(SOURCE DATA):
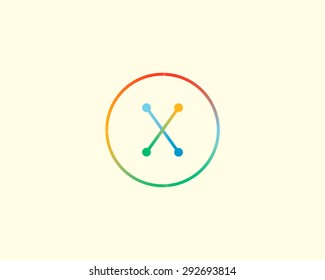 Abstract letter X logo design template. Colorful lined creative sign. Universal vector icon.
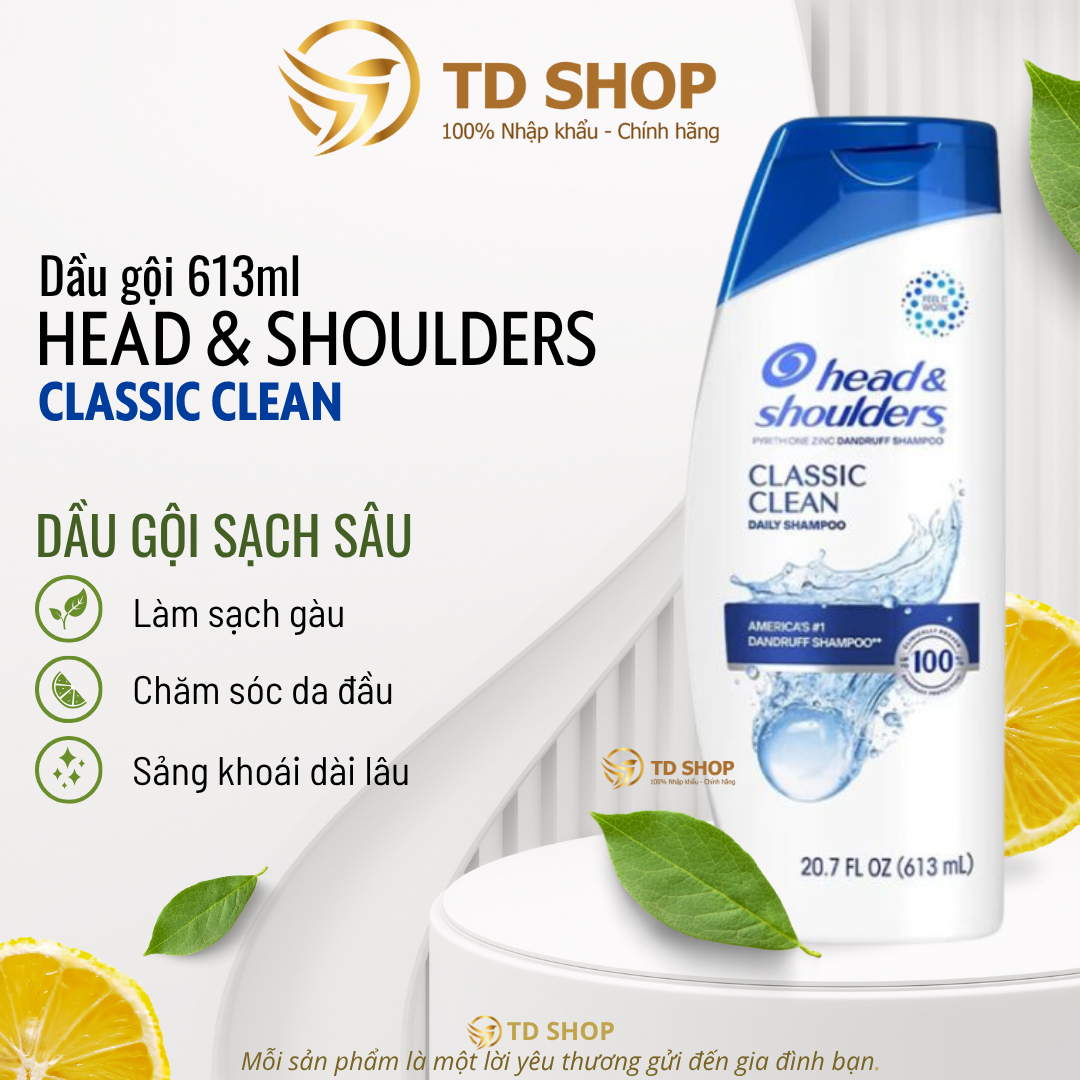 [NK Mỹ] Dầu gội Head&Shoulders nhập Mỹ 613ml Classic clean I Hạnh nhân - TD Shop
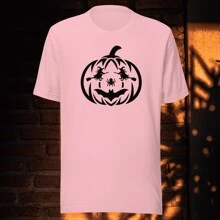 Playera De Halloween " Calabaza con ojos de bruja y boca de Murciélago ". Fantasmas. Calabazas, Brujas Calaveras. Día de Muertos. Playera 100% de Algodón. Manga Corta. Cuello Redondo. - Rosa - Ver 2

(TASK REQUIREMENTS): Retype word for word all the material given above, and keep the pictures out.

(ANSWER TO THIS EXERCISE):
 Abstract letter X logo design template. Colorful lined creative sign. Universal vector icon.
 [NK Mỹ] Dầu gội Head&Shoulders nhập Mỹ 613ml Classic clean I Hạnh nhân - TD Shop
 Playera De Halloween " Calabaza con ojos de bruja y boca de Murciélago ". Fantasmas. Calabazas, Brujas Calaveras. Día de Muertos. Playera 100% de Algodón. Manga Corta. Cuello Redondo. - Rosa - Ver 2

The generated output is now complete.